§ **DIRECTIONS FOR THIS TASK**
Below are entries with pictures among them; reproduce exactly, and only, the lines from the one containing "329 Sprinting Peak" down to the one containing "Apple iPhone Xs", without the pictures.
____ INFORMATION SHOWN
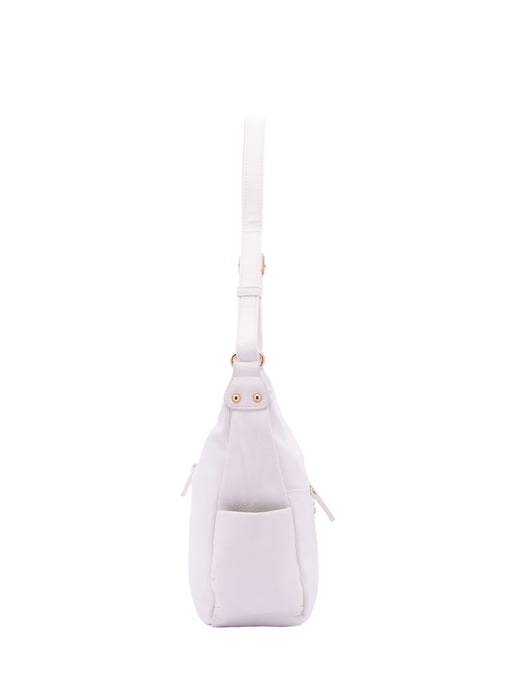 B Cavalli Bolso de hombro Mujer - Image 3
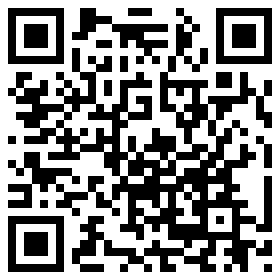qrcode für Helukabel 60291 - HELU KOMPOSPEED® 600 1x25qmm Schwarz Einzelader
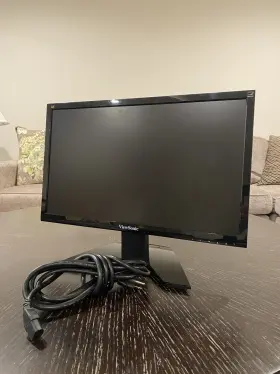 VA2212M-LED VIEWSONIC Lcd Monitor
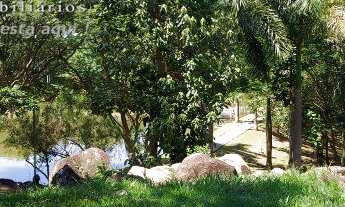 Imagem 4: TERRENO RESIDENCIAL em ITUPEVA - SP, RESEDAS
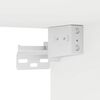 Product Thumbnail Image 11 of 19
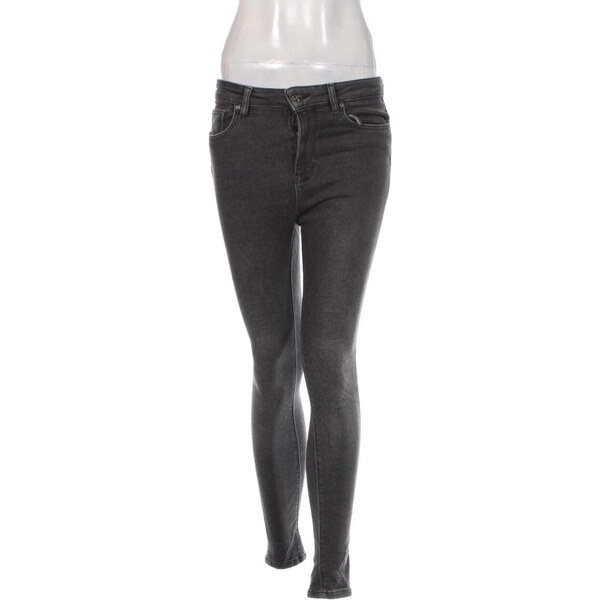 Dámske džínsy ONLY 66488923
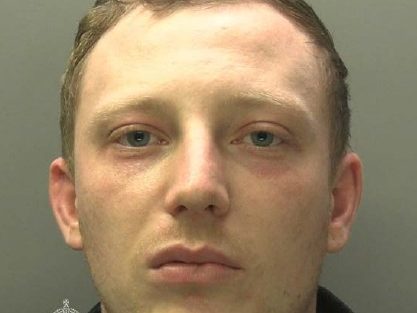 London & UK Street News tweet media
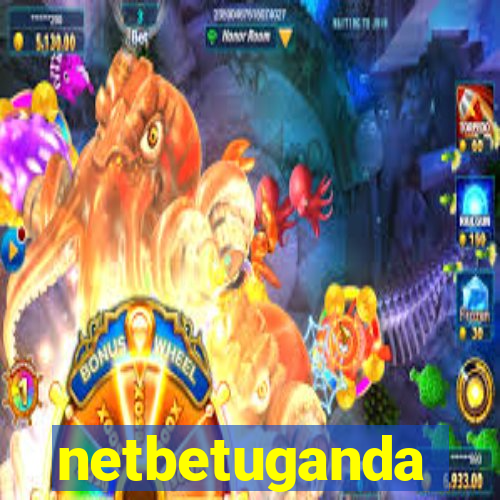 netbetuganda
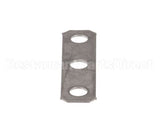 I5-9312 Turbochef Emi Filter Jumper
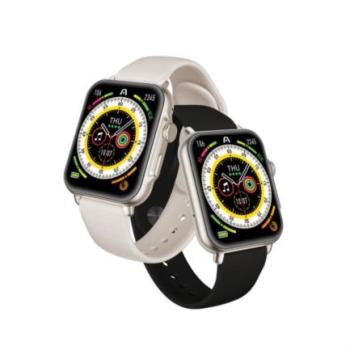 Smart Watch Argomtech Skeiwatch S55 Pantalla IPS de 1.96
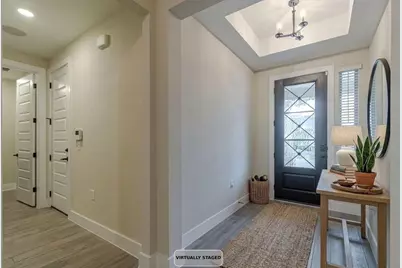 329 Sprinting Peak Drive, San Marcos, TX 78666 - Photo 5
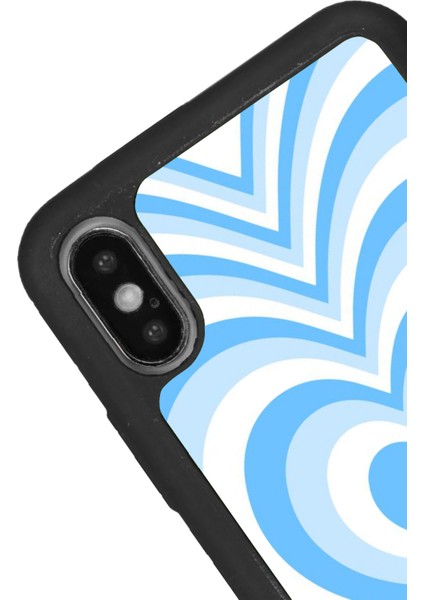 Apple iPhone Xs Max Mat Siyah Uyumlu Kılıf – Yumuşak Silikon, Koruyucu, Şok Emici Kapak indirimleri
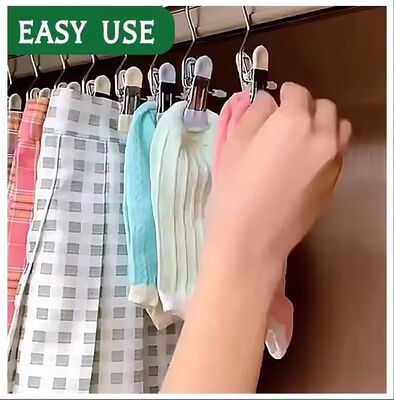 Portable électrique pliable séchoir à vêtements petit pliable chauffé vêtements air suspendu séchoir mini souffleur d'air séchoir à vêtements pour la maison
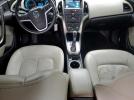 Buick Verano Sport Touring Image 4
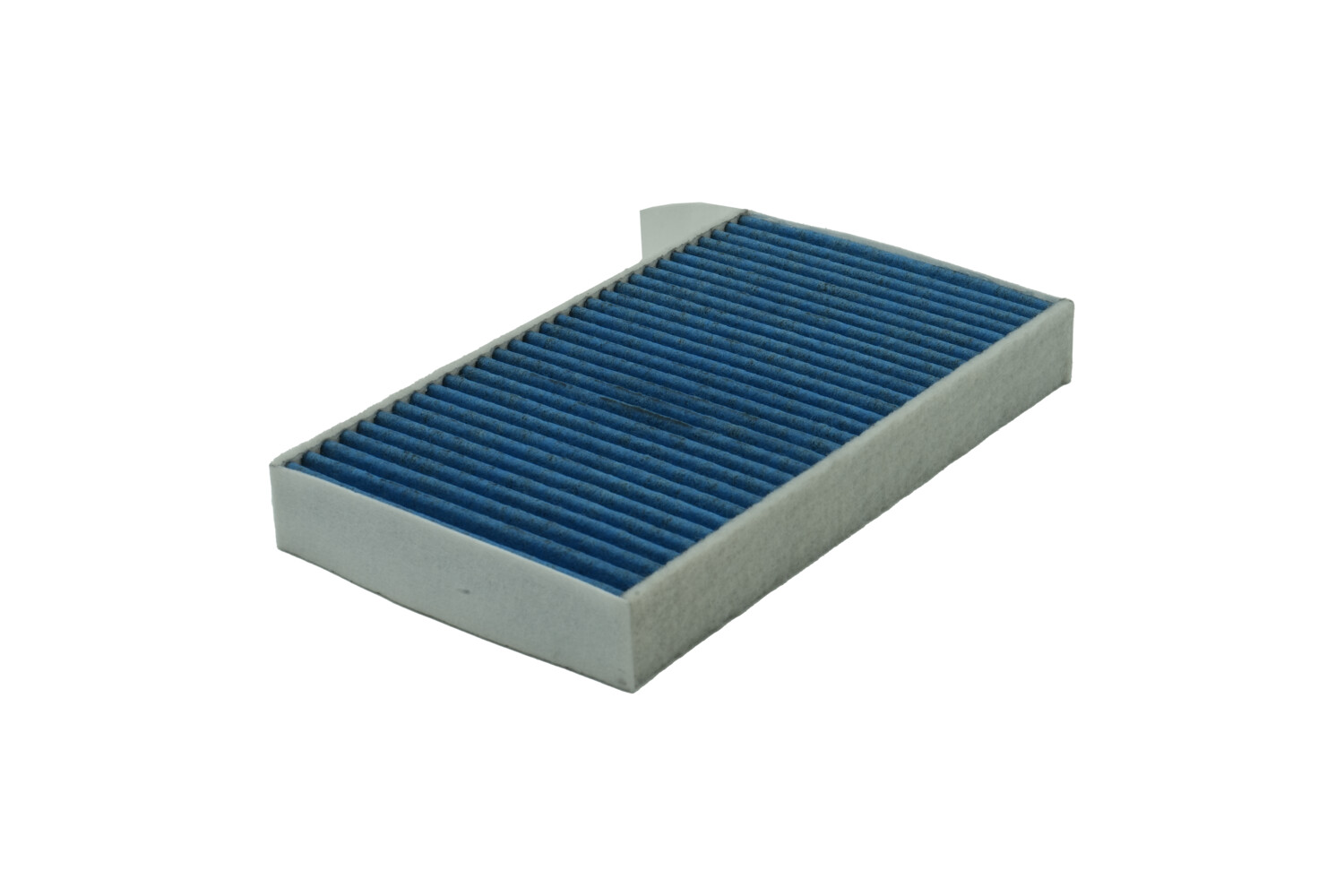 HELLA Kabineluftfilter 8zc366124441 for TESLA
________
____ INFORMATION SHOWN
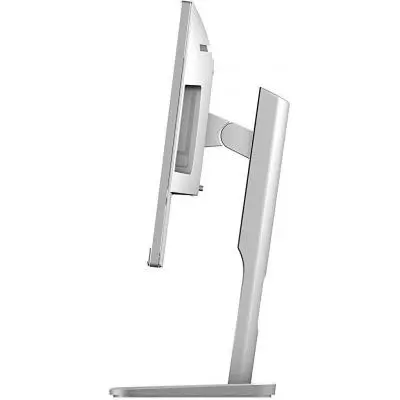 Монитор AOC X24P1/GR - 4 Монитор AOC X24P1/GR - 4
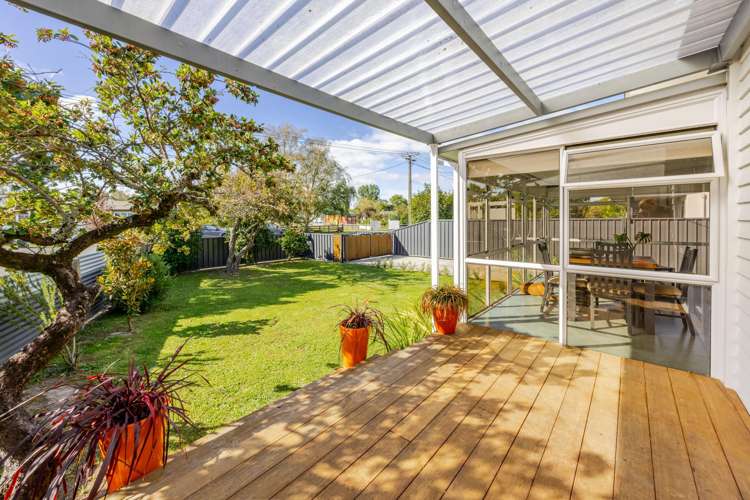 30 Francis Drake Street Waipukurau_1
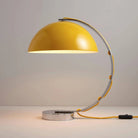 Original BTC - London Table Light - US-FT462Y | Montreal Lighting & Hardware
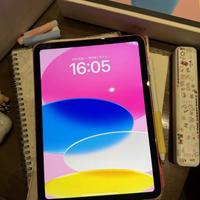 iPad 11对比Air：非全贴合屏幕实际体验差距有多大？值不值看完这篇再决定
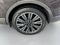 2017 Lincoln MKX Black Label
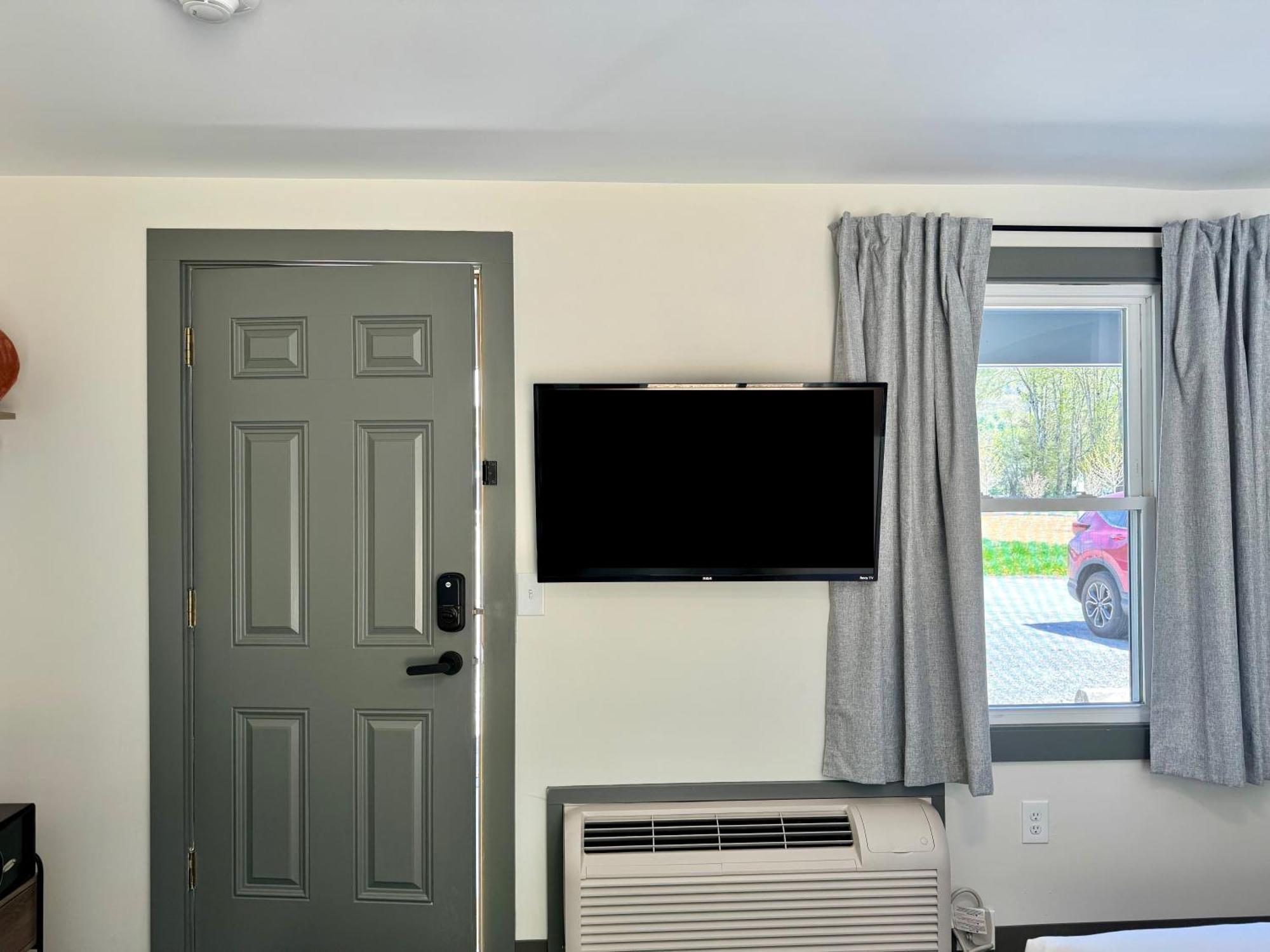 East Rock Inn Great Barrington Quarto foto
________
§ **ANSWER AREA**
 329 Sprinting Peak Drive, San Marcos, TX 78666 - Photo 5
 Apple iPhone Xs Max Mat Siyah Uyumlu Kılıf – Yumuşak Silikon, Koruyucu, Şok Emici Kapak indirimleri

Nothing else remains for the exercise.